Мне некуда деться. Я должен работать и зарабатывать, потому что у сына должно быть будущее.
Стоим ждем бабушку. Очередь растворилась, и прежде многоголосые женщины уже хихикают перед клетками, придерживая за болоньевые капюшоны избалованных детей. Гриша сидит на бордюре и завязывает в узел длиннющие уши бесформенного Плюхи. Надо сказать, чтобы немедленно поднялся, отморозит все что можно, хуже – начнет болеть, и придется думать, как справиться с детской простудой. Но сейчас я виноват и должен либо молчать, либо исправлять ошибки.

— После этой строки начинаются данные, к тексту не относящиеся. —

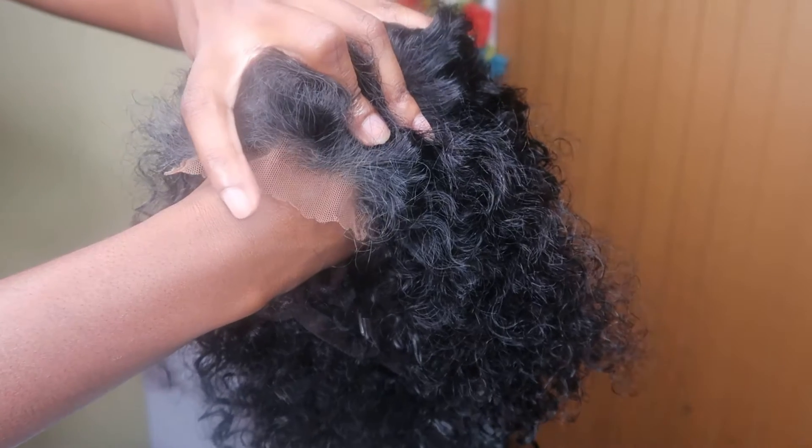I thought I wasn't gonna like it because of how short it is, and you know I really do not like short curly hair. But I'm gonna show y'all everything I've used so far.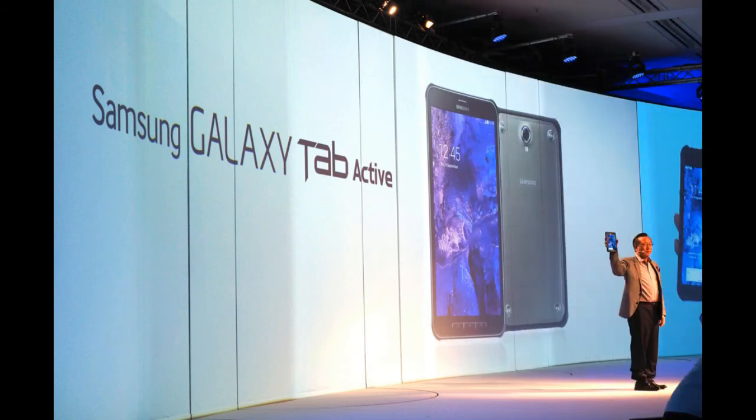The Samsung Galaxy Tab Active is a pretty attractive device, but the price will play a pretty important role in how the tablet's future will pan out. Unfortunately, the manufacturer hasn't discussed the tablet's price or availability yet, but more details should follow soon. Let us know what you think about Sammy's latest Active in the series.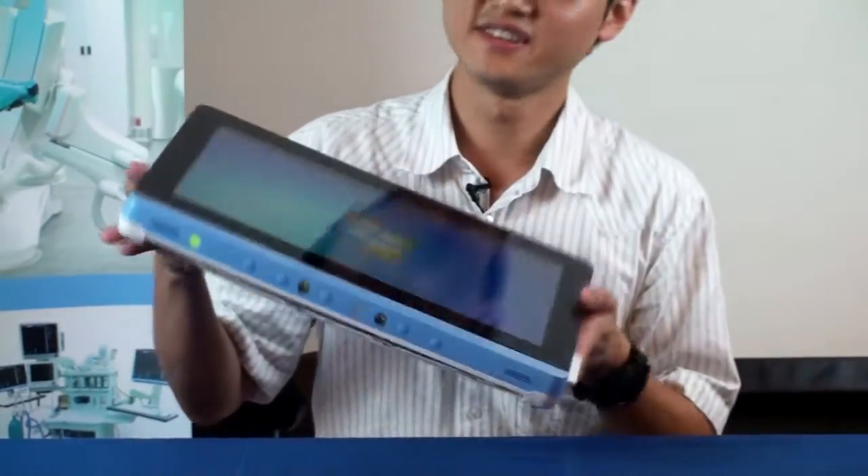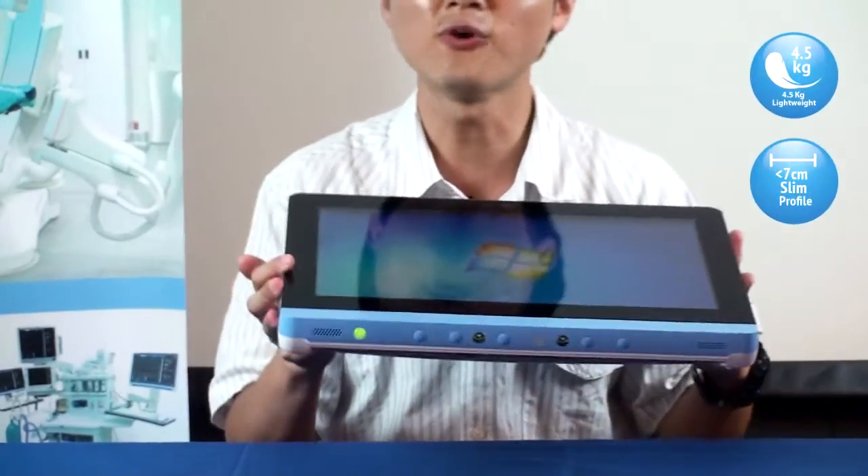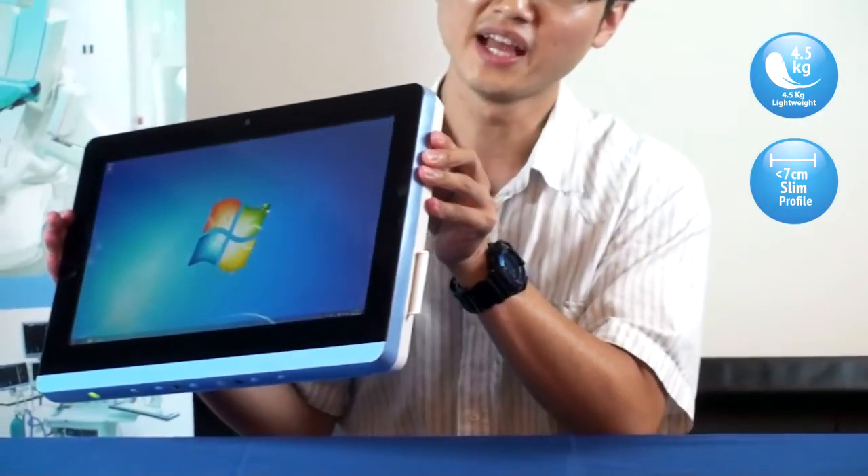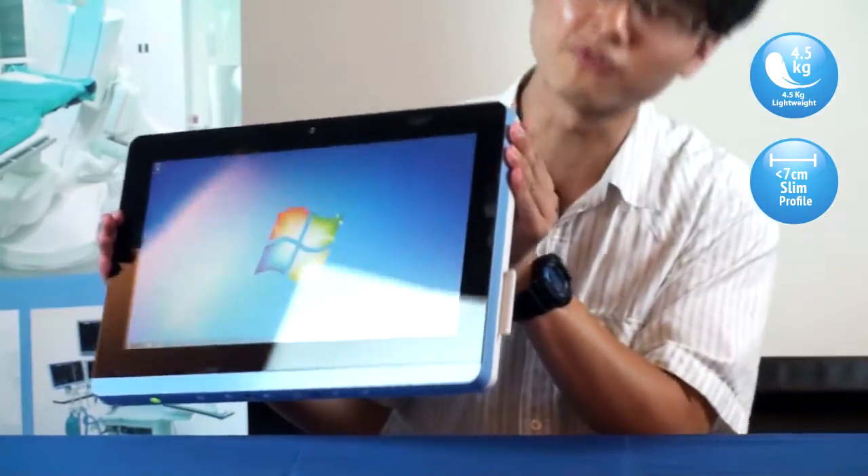It's very light — just 4.65 kilograms. And also it's very slim, with a profile of less than 7 centimeters.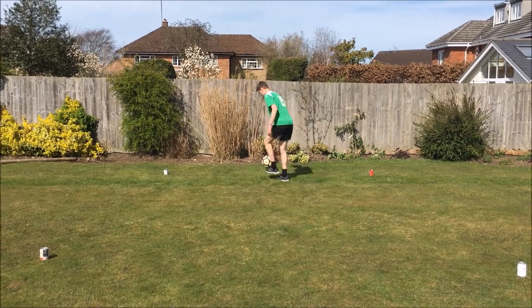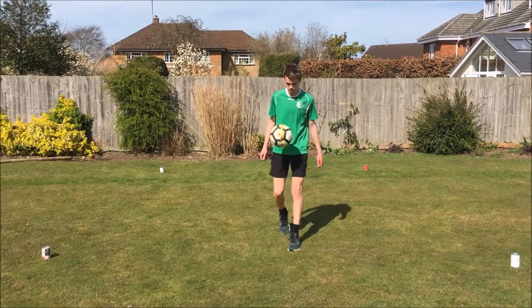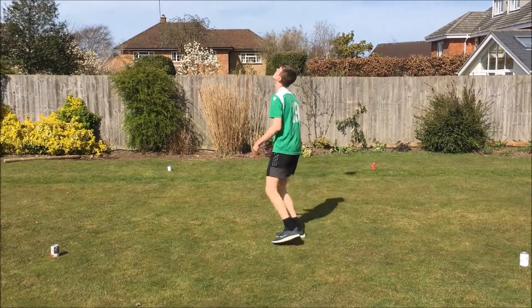And if you want to progress this and do something a little more difficult, perhaps at the end of the zone you could try going over the top of your head and controlling the ball.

Телефон разрывается, и надо бежать.
2
– Бухал, что ли? – спрашивает Гнус, мой напарник по сектору. – А чего не позвал?
– Че-то втихую решил.
Гнусов каждый вечер находит достойный повод, чтобы опрокинуть одну-вторую и, если позволит доброе оперское сердце, третью. В прошлую пятницу он праздновал, например, очередное раскрытие, когда пришлось рапортовать об использовании боевого ПМ, во вторник ловил градус по случаю высадки из ИК нашего старого клиента по кличке Мирный, который делает определенную статистику отделу уголовного розыска своим неугомонным воровским поведением.
– Какой повод?
Расскажу, что праздновал – ну, скажем, день рождения матери. Признаться бы, что пил просто так, потому что хочется настоящего пьяного одиночества, но нельзя – начнется понятный дружеский разговор, типа нужно учиться жить, и все такое, брать себя в руки, идти вперед. Проходили – знаем, но когда проходим заново – учимся опять.
«Личному составу отдела полиции срочно собраться в кабинете у начальника».
Мы гоним на планерку. Что-то случилось в нашем беспокойном районе, раз подняли всю полицейскую братию.